On behalf of the board
The directors present their annual report and financial statements for the period ended 31 August 2025.
Principal activities
The principal activities of the holding company and group are set out in the strategic report.
Results and dividends
The results for the period are set out on page 8.
No ordinary dividends were paid. The directors do not recommend payment of a further dividend.
The directors who held office during the period and up to the date of signature of the financial statements were as follows:
The group continues to invest in research and development activities to enhance its product range and manufacturing processes. The directors regard the company's R&D activity as an important driver of innovation and competitiveness,, and continue to assess qualifying expenditure for future claims.
There have been no significant events affecting the company since the year end.
The group has been successful in sourcing additional warehousing to increase its storage and create additional manufacturing capacity.
Given the strong performance to 31st August 2025, the group plans to grow further alongside seeking additional warehousing and storage facilities to continue to cope with increase in demand.
The auditors, Xeinadin Audit Limited, will be proposed for re-appointment at the forthcoming Annual General Meeting.
This report has been prepared in accordance with the provisions applicable to companies entitled to the medium-sized companies exemption.
We have audited the financial statements of Sutton & Tawney Group Ltd (the 'parent company') and its subsidiaries (the 'group') for the period ended 31 August 2025 which comprise the group profit and loss account, the group statement of comprehensive income, the group balance sheet, the company balance sheet, the group statement of changes in equity, the company statement of changes in equity, the group statement of cash flows, the company statement of cash flows and notes to the financial statements, including significant accounting policies. The financial reporting framework that has been applied in their preparation is applicable law and United Kingdom Accounting Standards, including Financial Reporting Standard 102 The Financial Reporting Standard applicable in the UK and Republic of Ireland (United Kingdom Generally Accepted Accounting Practice).
Basis for opinion
Conclusions relating to going concern
In auditing the financial statements, we have concluded that the directors' use of the going concern basis of accounting in the preparation of the financial statements is appropriate.
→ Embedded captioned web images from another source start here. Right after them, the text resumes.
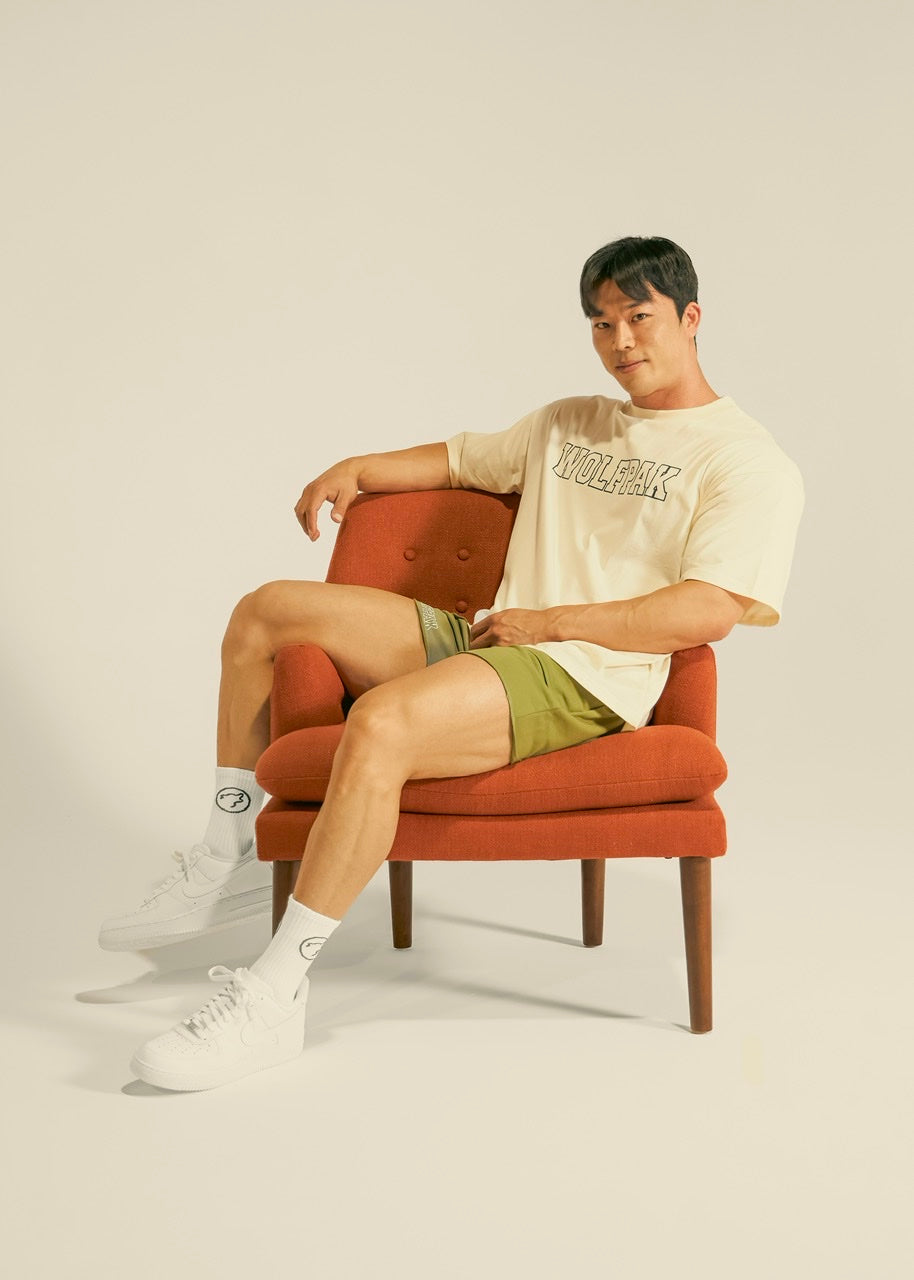 Men's Varsity Tee Cream (SALE)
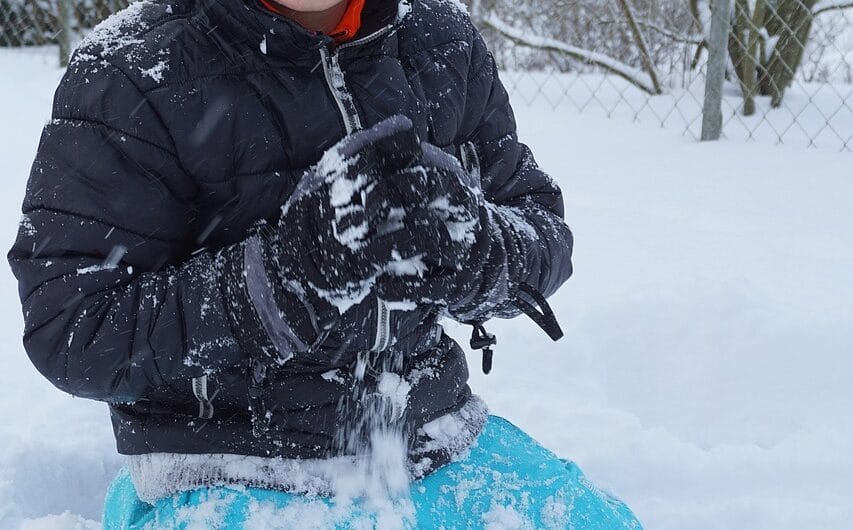 Boules de Neige OP dans Warzone : Quand le Goulag se transforme en Bataille d’Hiver Mortelle!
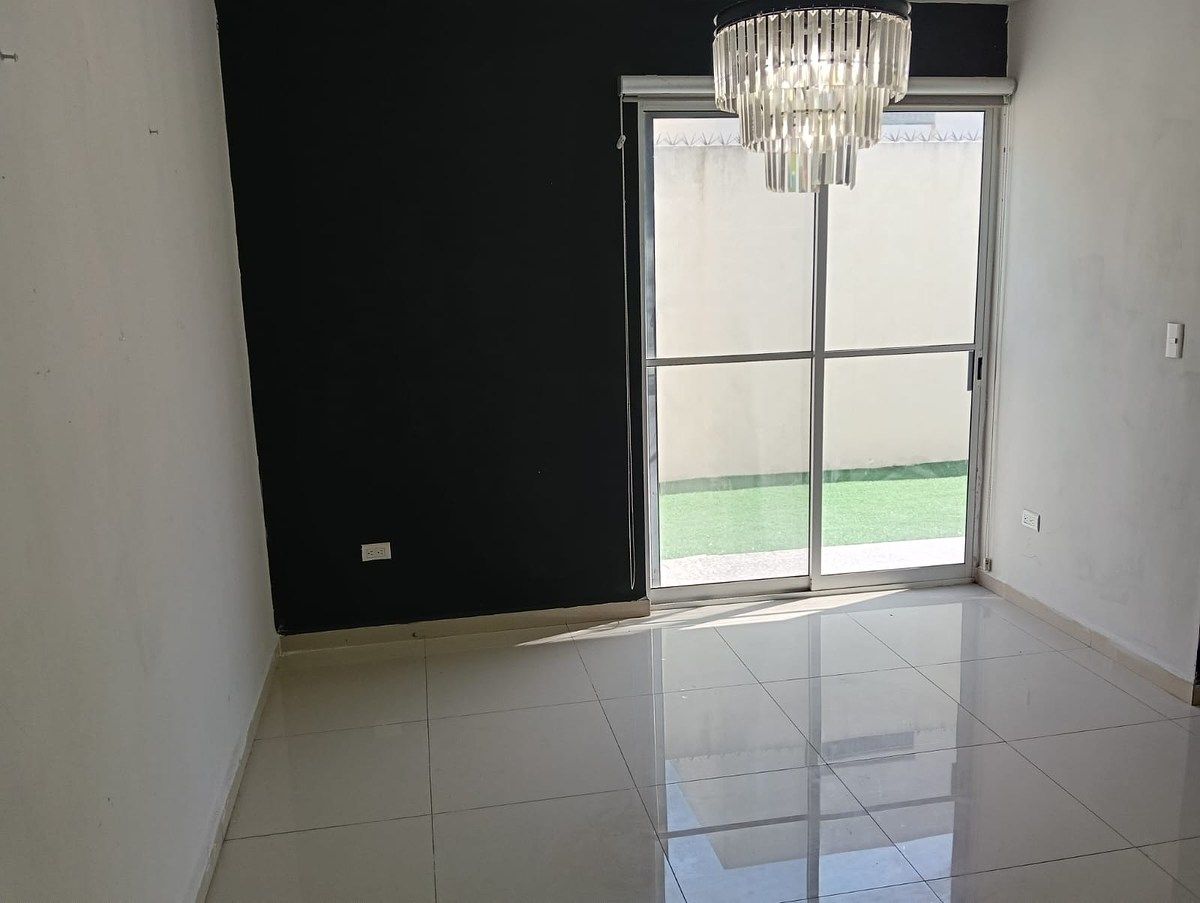 Casa en venta · Cerradas Magenta, Apodaca, Nuevo León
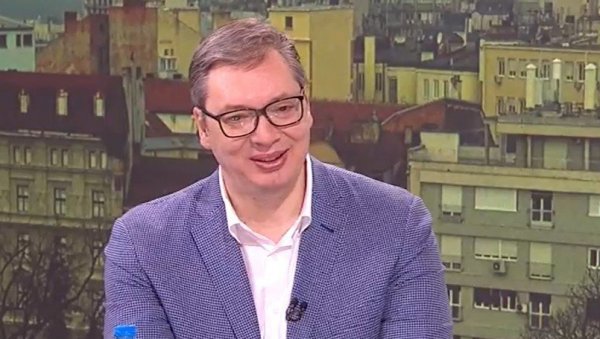 ВУЧИЋ У ЈУТАРЊЕМ ПРОГРАМУ: Код нас се славио само Божић, отац није дозвољавао јелке ВУЧИЋ У ЈУТАРЊЕМ ПРОГРАМУ: Код нас се славио само Божић, отац није дозвољавао јелке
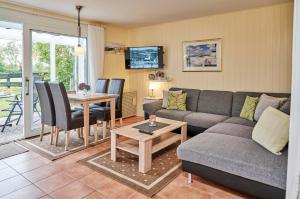 un salon avec un canapé et une table dans l'établissement Am Ringwall 84A, à Cuxhaven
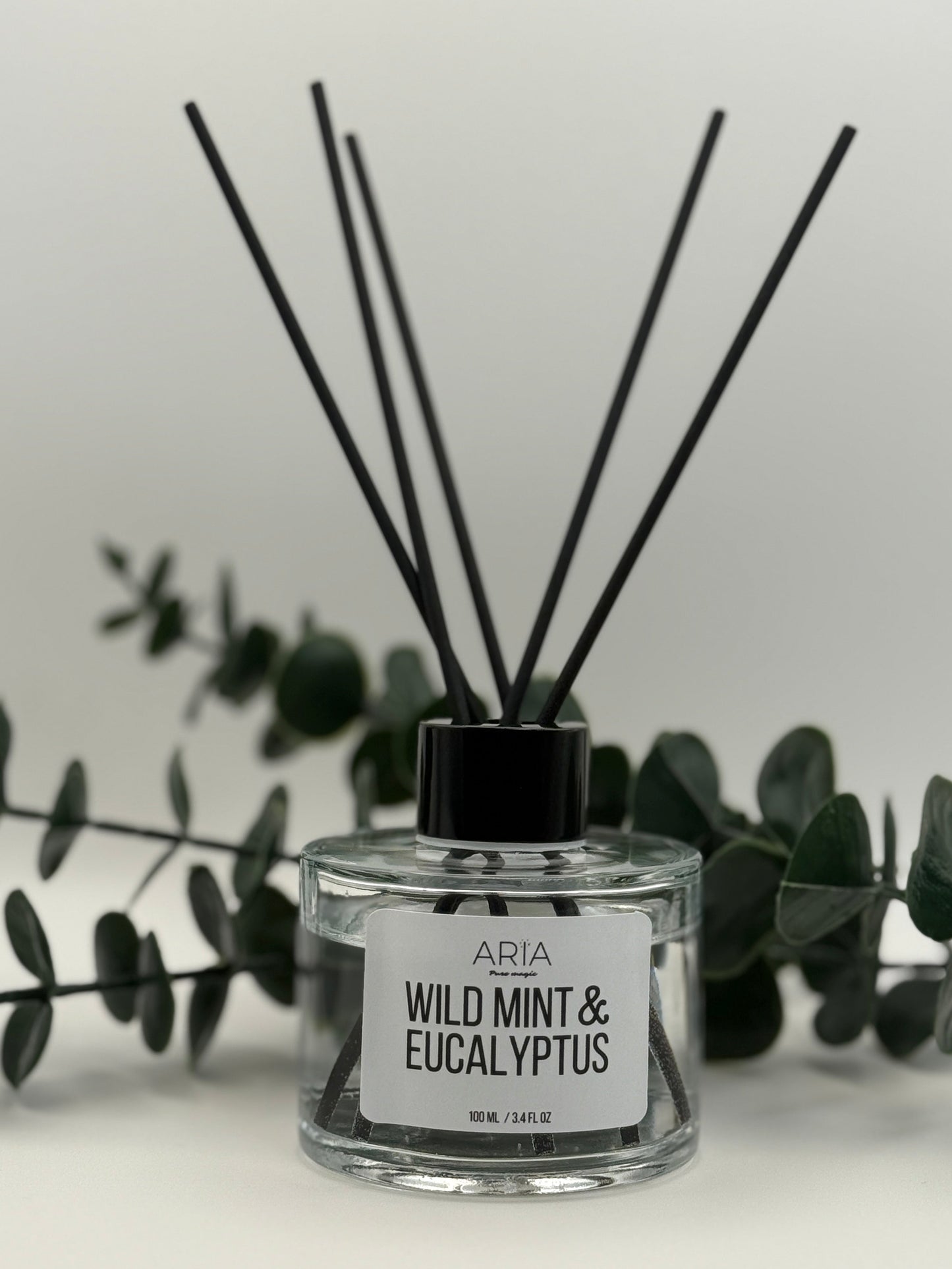 WILD MINT & EUCALYPTUS REED DIFFUSER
Based on the work we have performed, we have not identified any material uncertainties relating to events or conditions that, individually or collectively, may cast significant doubt on the group's and parent company's ability to continue as a going concern for a period of at least twelve months from when the financial statements are authorised for issue.
Our responsibilities and the responsibilities of the directors with respect to going concern are described in the relevant sections of this report.
Other information
Opinions on other matters prescribed by the Companies Act 2006
In our opinion, based on the work undertaken in the course of our audit:
The information given in the strategic report and the directors' report for the financial period for which the financial statements are prepared is consistent with the financial statements; and
The strategic report and the directors' report have been prepared in accordance with applicable legal requirements.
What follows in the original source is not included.